Poland, 1962.  An 18-year old girl, an orphan, has been raised in an abbey and is now a novitiate about to take her vows. The mother superior tells her to first visit her aunt, her only living relative.  The aunt tells her that her parents were Jews. They were at first sheltered by a Christian family but then killed.  The two women set off in the aunt’s car to find out what happened – where are the parents buried, where did they live, who killed them.

So it’s a road movie. You can imagine how this might play out in a Hollywood film. The bonding of aunt and niece, the reclaiming of the family’s home and property (but only after much conflict, argument, and cleverly planned tactics by this undaunted duo), the girl finally embracing her true Jewish identity and deciding to leave the abbey and rejoin the real world . . . and that handsome musician, let’s not forget him.

Not in “Ida.”  The movie is striking for what it doesn’t have – all those things we so take for granted in films that we don’t notice them until they are absent..

Color.  “Ida” is shot in black-and-white and in the more squarish 4:3 aspect ratio (that’s 1.4 : 1; most films today are 1.8 or 2.4 : 1). The characters are at the bottom of the screen, with all that space at the top. Each shot looks like it might be a photograph in a museum. 
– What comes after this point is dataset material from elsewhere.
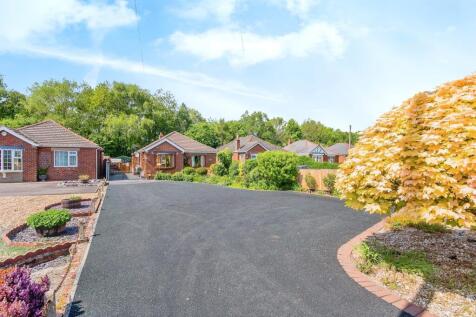 3 bedroom detached bungalow for sale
Cutting: Those shots are held longer. The average shot in an American film these days is a couple of seconds. In “Ida,” the camera stays fixed longer, the characters move through the frame. 
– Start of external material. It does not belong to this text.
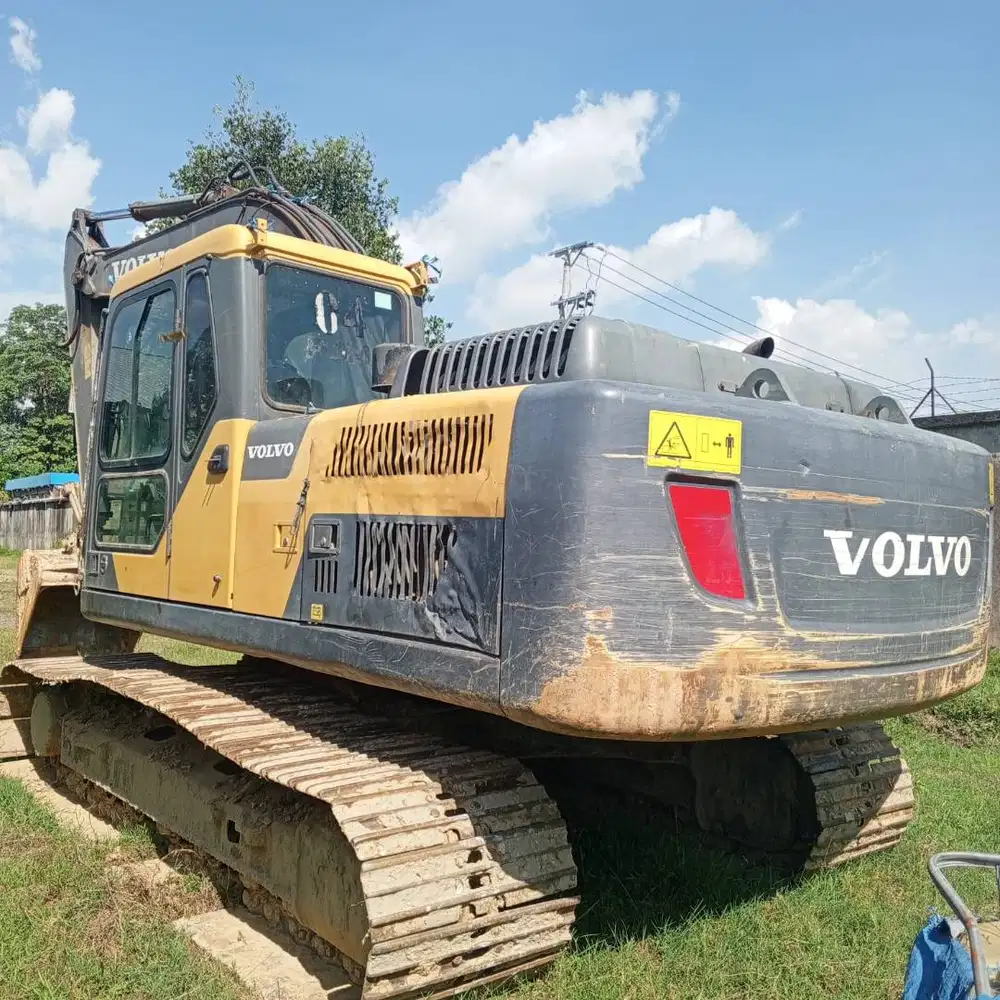 JUAL 2 UNIT VOLVO EXCAVATOR EC200D TAHUN 2018 - KONDISI AS IS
Talk: No lengthy discussions or arguments to make the characters’ motives and emotions unmistakable. A transcript of the film would run to only a few pages. Ida herself is especially laconic. And yet we know.

Music: Most films add music to tell you the mood of a scene.  In “Ida,” you hear music only when the characters hear it – the aunt’s Mozart records, the dyed-blonde singer doing cheesy Euro rock -n-roll in a club (the quartet behind her stays after hours and plays Coltrane tunes*).

Action:  Mostly walking and smoking. These are the actions which, in addition to the sparse dialogue, give us a sense of the characters. Even the sex in the sex scene is elided. 

Happy or Uplifting Ending: In American road and buddy films, even when the heroes die – think of the freeze frame endings of “Butch Cassidy” or “Thelma and Louise” – there’s a sense of triumph.  The ending of “Ida” is not ambiguous, as it might have been. But it’s not what audiences steeped in American films would want or expect. (Spoiler etiquette prevents me from giving details.)

Here’s the trailer.  To get a more accurate feel of the film, first mute the sound, then hit the pause button frequently and just look at the composition of the shot.

* One of those Coltrane tunes, “Equinox,” wasn’t released until 1964. The movie is set in 1962, but who’s counting?